M. Le Masson de Vendeuvre considère que cette phrase « tend à faire penser au lecteur que j’accusais “gratuitement” Dominique de La Portbarré » lors du conseil municipal.
Le CDJM estime que dès lors qu’un élu se voit attribuer des propos ou une position pouvant prêter à polémique, les journalistes doivent faire preuve de prudence et en vérifier, autant que possible, l’exactitude.
En l’espèce, le requérant affirme qu’il n’a jamais été contacté avant la parution de l’article incriminé. En l’absence de réponse de Ouest-France et/ou du journaliste, le CDJM considère que cette précaution aurait peut-être conduit la rédaction à ne pas reprendre à son compte l’affirmation selon laquelle les propos tenus par les élus de l’opposition étaient « infondés », ou au contraire à l’étayer sur une argumentation solide. Cela est d’autant plus regrettable que le journaliste a su contacter M. de La Portbarré et l’agence Rivacom pour les faire réagir.

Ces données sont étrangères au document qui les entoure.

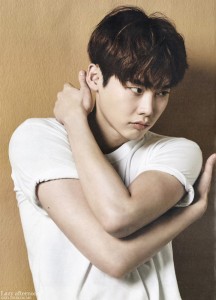 Young man in a white shirt, thoughtful pose.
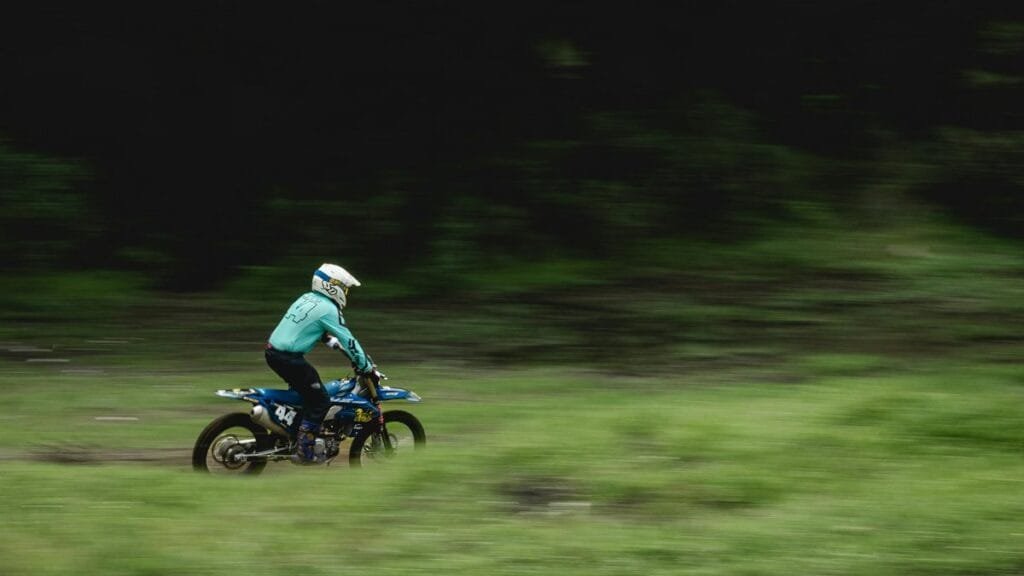 Motorcyclist performs high-speed dirt biking on an outdoor track, captured in motion.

➔ Le 8 avril 2022, M. Le Masson de Vendeuvre a adressé un courriel à M. Nicolas Carnec, en mettant en copie M. Sébastien Grosmaître, rédacteur en chef délégué, responsable de l’information locale et régionale de Ouest-France. Il y précise le sens de son intervention lors du conseil municipal et affirme que son « commentaire ne constituait donc en aucun cas une accusation, puisque [qu’il n’a] pas parlé de liens d’intérêt et [a] laissé le maire se prononcer », ajoutant : « Connaissant personnellement Dominique de La Portbarré, je me serais d’ailleurs bien gardé d’une telle accusation… »
Le contenu de ce courriel apportait un éclairage sur les faits qui aurait dû inciter Ouest-France, au nom du « droit de suite », qui est aussi un « devoir » évoqué par la Charte d’éthique professionnelle des journalistes, à porter à la connaissance du public la version du requérant.
Conclusion
Le CDJM, réuni le 13 septembre 2022 en séance plénière, estime que l’obligation déontologique d’exactitude et de véracité n’a pas été enfreinte par Ouest-France, mais que celle d’offre de réplique n’a pas été respectée.
La saisine est déclarée partiellement fondée.
Cette décision a été prise par consensus.